September 12, 2011
German minister raises ‘orderly default’ for Greece
Germany has stepped up its rhetoric against Greece, warning that the debt-laden country could default on its debts in a move that highlights the growing divisions at the heart of Europe.

Germany's economy minster has said an 'orderly default' for Greece can no longer be ruled out.
By Jonathan Sibun
Telegraph.co.uk
9:30PM BST 11 Sep 2011
Philipp Roesler, Germany’s economy minister, said an “orderly default” for Greece could no longer be ruled out and branded the country’s deficit-reduction measures “insufficient”.
The warning is likely to spook financial markets further and comes despite Greece yesterday announcing a fresh €2bn (£1.7bn) of budget cuts and the introduction of a country-wide real estate tax.
Evangelos Venizelos, the finance minister, said the cuts and tax measure were necessary to allow Greece to meet obligations demanded by the European Union and IMF in exchange for bail-out funds.
Writing in the Die Welt newspaper, Mr Roesler said: “To stabilise the euro, we must not take anything off the table in the short run.
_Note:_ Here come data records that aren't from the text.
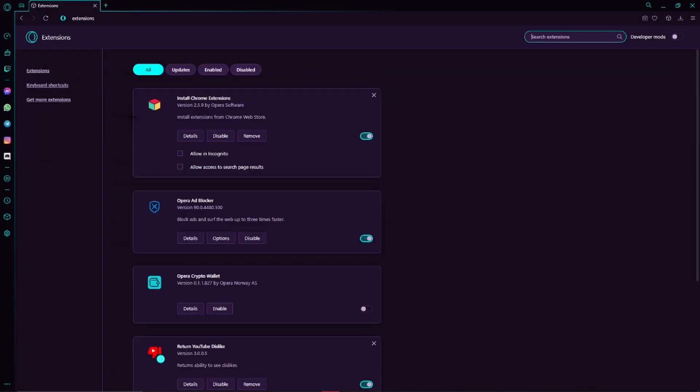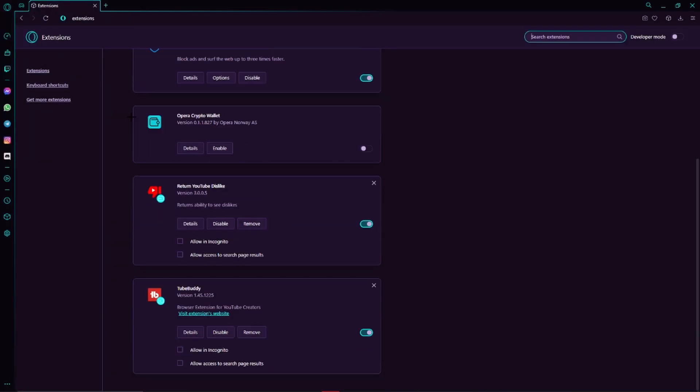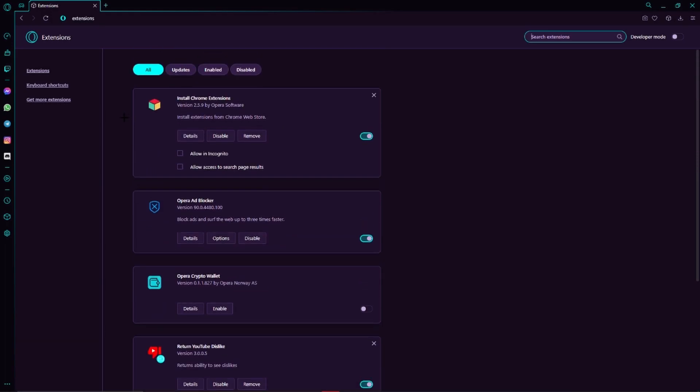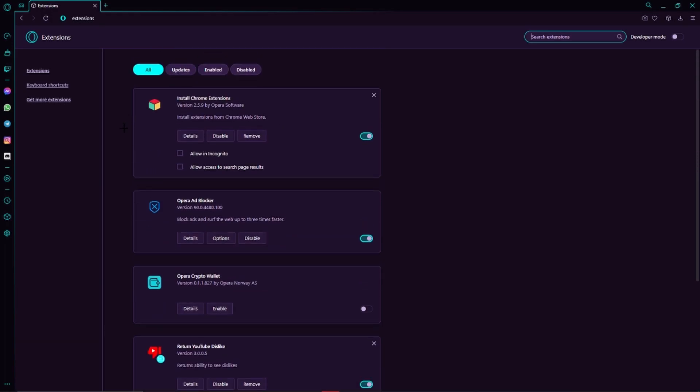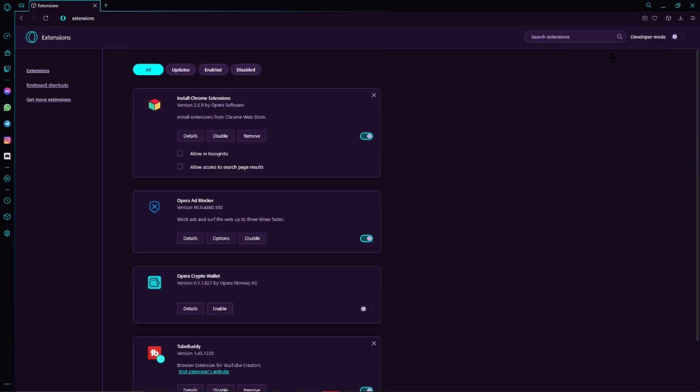Here we can see any extensions we have downloaded so far and if we want to remove one of them then we just have to search for the one which we want to remove. Now we just have to click on remove. Then this little box is going to pop up in the top right hand corner. Here we just have to click on remove again and then we have already removed our extension.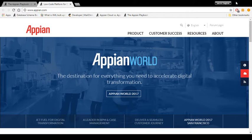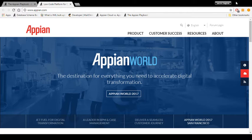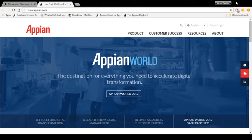Hello everyone, my name is Sachin Singh and this is my first video tutorial for APN. We all know that APN is a BPM tool, but when the question arises of what is BPM, we are unable to answer it. So first we are going to learn what is BPM. BPM is a discipline involving any combination of modeling, automation, execution, control, measurement, and optimization of business activity flows in support of enterprise goals.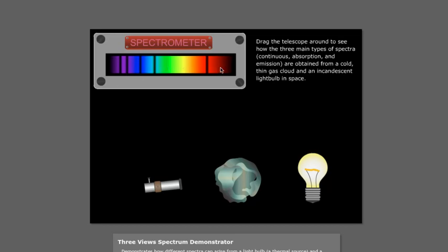In fact, galaxies, because they're made up of stars, have this kind of spectrum. So almost everything in outer space has a spectrum that looks kind of like this.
That includes as a worst-case scenario an orderly default for Greece if the necessary instruments for it are available.”
He said such a default would mean “re-establishing the affected state’s ability to function, perhaps with a temporary restriction of its sovereign rights”.
Mr Roesler’s comments come as Germany’s Der Spiegel magazine said finance minister Wolfgang Schaeuble had ordered preparations be made for a Greek bankruptcy.